Kerry Packer watches a trial match for WSC at Melbourne's VFL Park in November 1977 © The Cricketer
Twenty-five years ago, on December 2, 1977 to be precise, Australian cricket lovers turning on their television sets had for the first time a choice in their bill of fare. Live from the Gabba on the Australian Broadcasting Corporation came the soothing sights and sounds of a traditional Test, the first of a series against India. Live from Melbourne's VFL Park on Channel 9, meanwhile, came the unfamiliar images of what purported to be a revolutionary new variant on the game: a Supertest, brought to you by World Series Cricket.

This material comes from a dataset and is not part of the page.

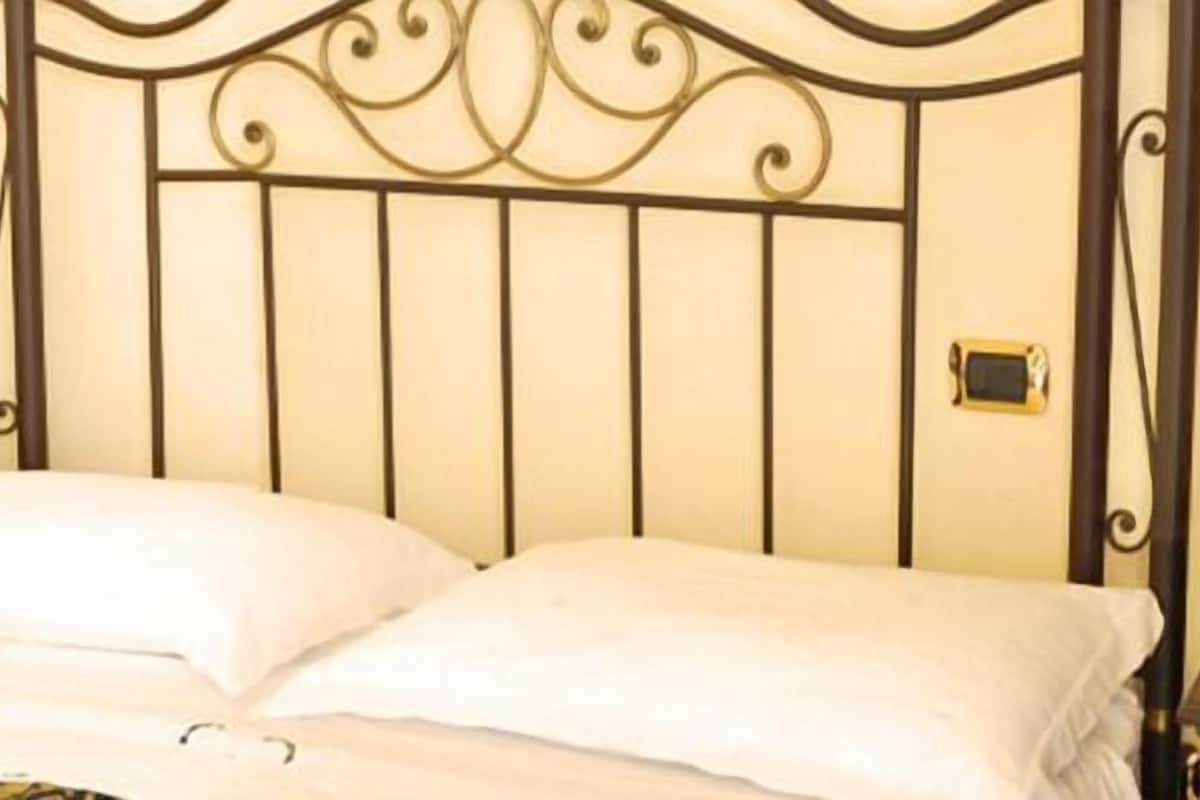 Un letto con una testiera in metallo, un comodino con una lampada e un tavolino con un vaso di fiori.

The play itself, between an Australian team led by Ian Chappell and a West Indian outfit captained by Clive Lloyd, did not actually look all that different. The ball was red. The players wore white and sported caps. The Australian headgear, though, was gold not green and it was such distinctions of detail that mattered. There were no traditions here. The ground, usually the preserve of Australian rules, had been converted by the installation of a pitch grown in a greenhouse. The television coverage, rather than relying on the usual two cameras, used eight, with extensive reliance on video replays. Microphones embedded in the ground near the stumps captured the players' grunts and the wickets' rattle; a boundary interviewer even solicited their post-dismissal musings. Critics were already calling this a pirate enterprise: its symbol, a stylised set of black stumps partially enclosing an outsized red cricket ball, would become the game's equivalent of the skull and crossbones.

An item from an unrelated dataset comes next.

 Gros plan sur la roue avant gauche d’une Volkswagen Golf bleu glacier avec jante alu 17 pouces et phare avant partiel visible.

Cricket had been cleft in twain almost six months. The first plans for WSC and the first international cricketers recruited by the agents of its impresario Kerry Packer, had been revealed in April 1977. The principles seemingly at stake - love of country versus love of money, a century of tradition versus spontaneous spectacle - had been endlessly debated. But until that December morn, the rivalry's implications had been obscure. Packer's original objective, indeed, had not been to introduce an alternative brand of cricket at all. His eyes were on the prize of exclusive Test match broadcasting rights in Australia; WSC was merely a roundabout way of bending the Australian Cricket Board to his will. Now it was a twin-match, twin-tour, twin-channel reality. "The public will decide," pronounced the editor of Wisden, Norman Preston.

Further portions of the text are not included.